DATA PROVIDED:
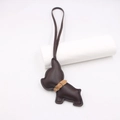 Detail of dark brown leather French Bulldog charm with gold metal clasp and long lanyard - Brown
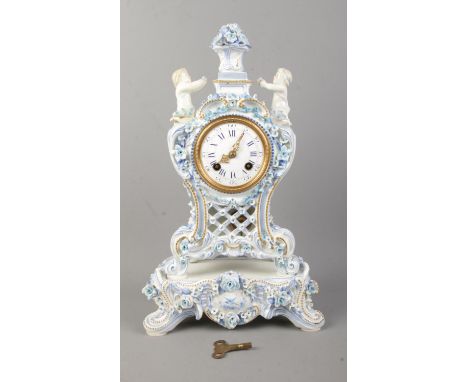 A Nineteenth Century French blue and white ceramic mantle clock on stand, depicting two cherubs surrounded by floral decorati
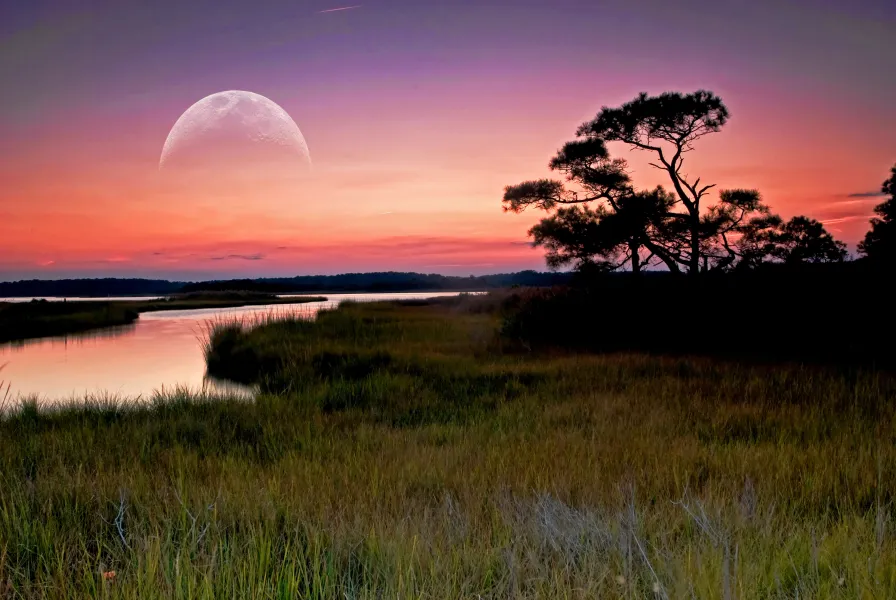 Sunset over Assawoman Bay as the moon rises.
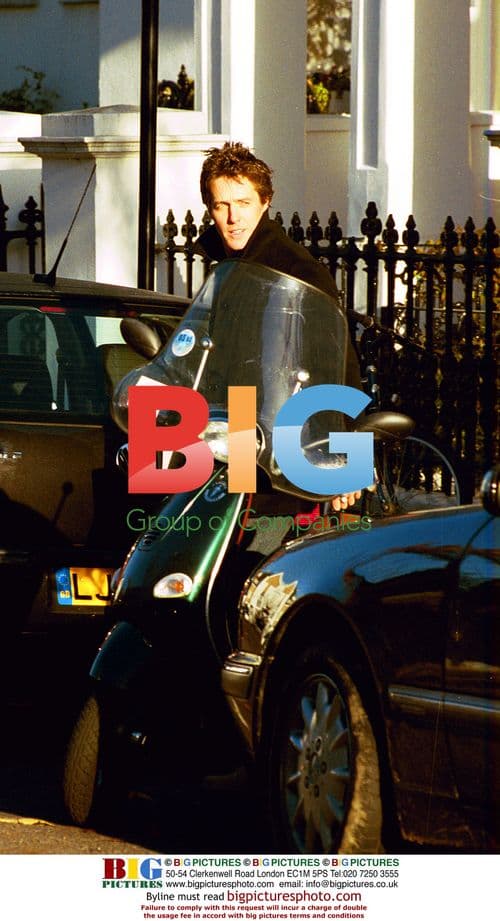 Hugh Grant getting newspapers in London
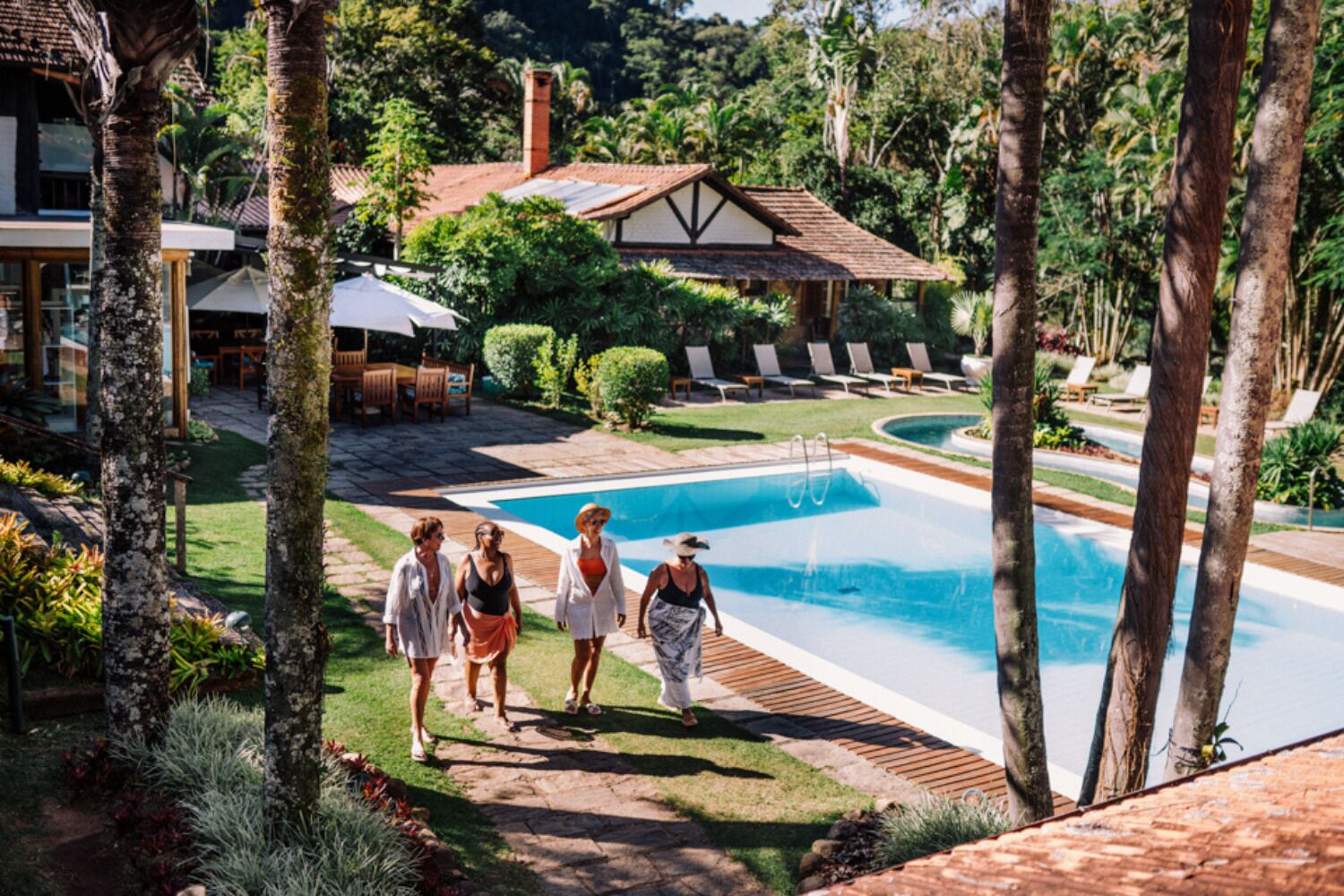 Uma área de piscina com vista clara da piscina, cadeiras de lounge e um edifício com telhado em azulejos.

WHAT THE TASK ASKS: This task calls for the lines from the line holding "Hugh Grant getting newspapers in London" through the last line above, restated word for word with both ends included and the pictures dropped.

RESULT OF THE TASK:
 Hugh Grant getting newspapers in London
 Uma área de piscina com vista clara da piscina, cadeiras de lounge e um edifício com telhado em azulejos.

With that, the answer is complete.